A lady researching on her laptop

4. Only make an application you know you can afford

All lenders have a legal responsibility to make sure that you can afford the loan you are applying for. This is why they look at your credit file and history as well as information from your application, including your income, to assess what you will be able to afford monthly.

To do a quick test yourself of what you can afford extra a month, consider what you spend each month on food, bills, clothing, travel, childcare etc. and see how much you have left to afford the monthly repayments. If this leaves you with little money left then the lenders are probably less likely to accept your application as they will question your affordability. 

A lady looking at what she can afford, calculator and a piggy bank

With this in mind, seriously consider what you can afford monthly before applying for a loan. This will increase your chances of getting accepted but will also reduce your need to apply for multiple loans in a short space of time, which could reduce your credit score.

You might be looking for no deposit car finance. If so, you should consider whether this is best for you. Putting down a deposit may make the finance agreement more affordable as it might reduce your monthly payments. Compare that to getting a no deposit agreement, it may be more affordable in the beginning but it might cost more in the long term.

If you are wanting a specific amount, to make it more affordable you could consider having the loan over a longer period of time. All lenders will have their own limit on what they will allow in terms of length of finance agreement, but it’s normally around 5 years.

5. Make sure you’re not financially linked to a bad borrower

If someone is financially linked to you, perhaps your ex-partner, then their bad borrowing could affect your score. They could be missing payments or taking out lots of credit in a short space of time, which has absolutely nothing to do with you, but could reflect on your credit file.
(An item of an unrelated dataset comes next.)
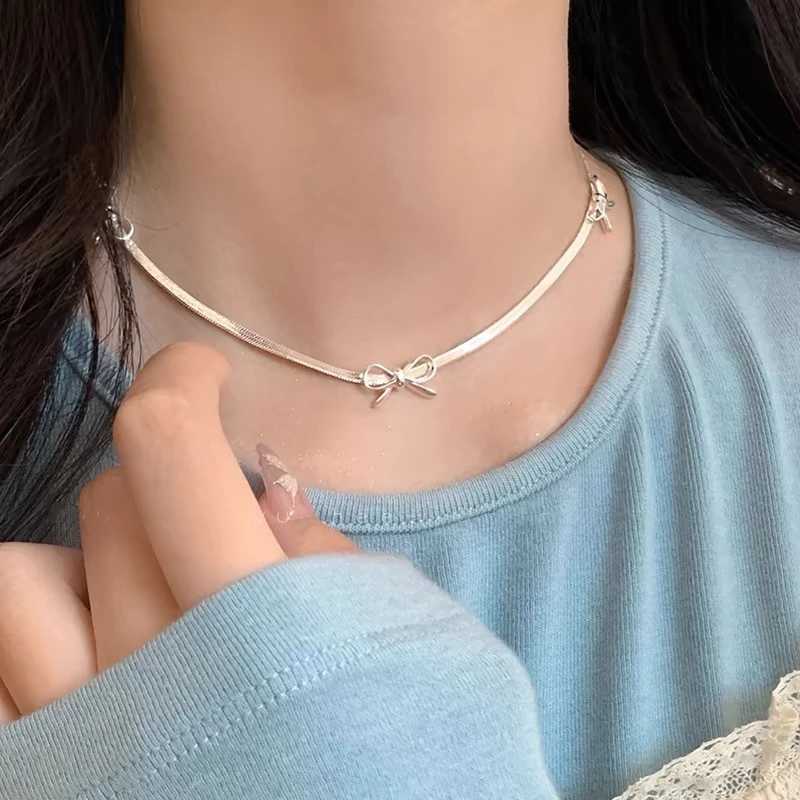 925 sterling silver bow snake bone necklace fashionable and exquisite chain necklace wedding party gift W241230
If this person is still linked to you then your credit score could also be affected. As this is something that is totally out of your control and should no longer be linked to you, then you can apply for a ‘notice of disassociation’ to show potential lenders that you are no longer connected to this person. You can do this by contacting the credit reference agencies using the details below:

Experian – You can remove a financial connection

ClearScore – You can raise a dispute

Credit Karma – Follow these instructions to remove a link on your credit report

A couple looking over their finances

As each credit reference agency works off their own data, then we would advise that you apply for a ‘notice of disassociation’ from all 3, to make sure that the bad borrower is no longer linked to your credit file anywhere.

These disputes can take some time, so if you can make sure this is sorted before you need to apply for a loan, then this would benefit you greatly.
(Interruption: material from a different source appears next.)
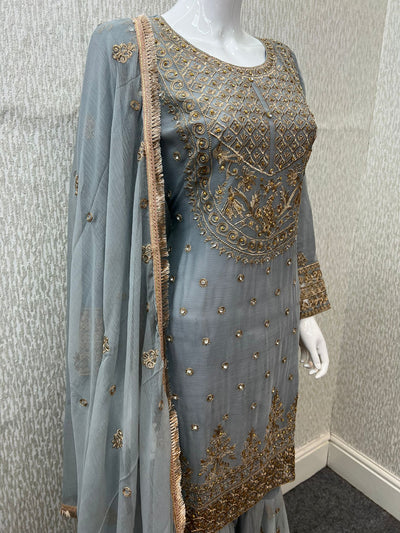 Luxury Festive Chiffon Gharara  Collection Gray S-14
What to do if your application is rejected?

We know it can feel rubbish being rejected for a loan, but whatever you do, don’t let it tempt you into more expensive finance options such as pay day loans. These will cost you a lot more in the long run, and you could end up in a sticky situation.

Instead we would say take a breather and look at the points in this article as to why you might have been rejected. We would always suggest doing this before applying for a loan, but check again as there’s always the chance that something could have been missed.

Whatever you decide to do next, don’t continuously keep applying for credit as this will affect your credit score negatively, and appear to lenders that you are desperate for the loan. If you come to the conclusion that you’ve been rejected because the lender decided it wasn’t affordable to you, or you are wanting the loan to pay off other debts, then it might be best to have a chat with a debt charity like Step Change or Money Helper.

Lady looking concerned

Check this advice before you make an application for any loan and give the credit reference agencies several months to rectify any inconsistencies or errors that you might find on your credit score before applying.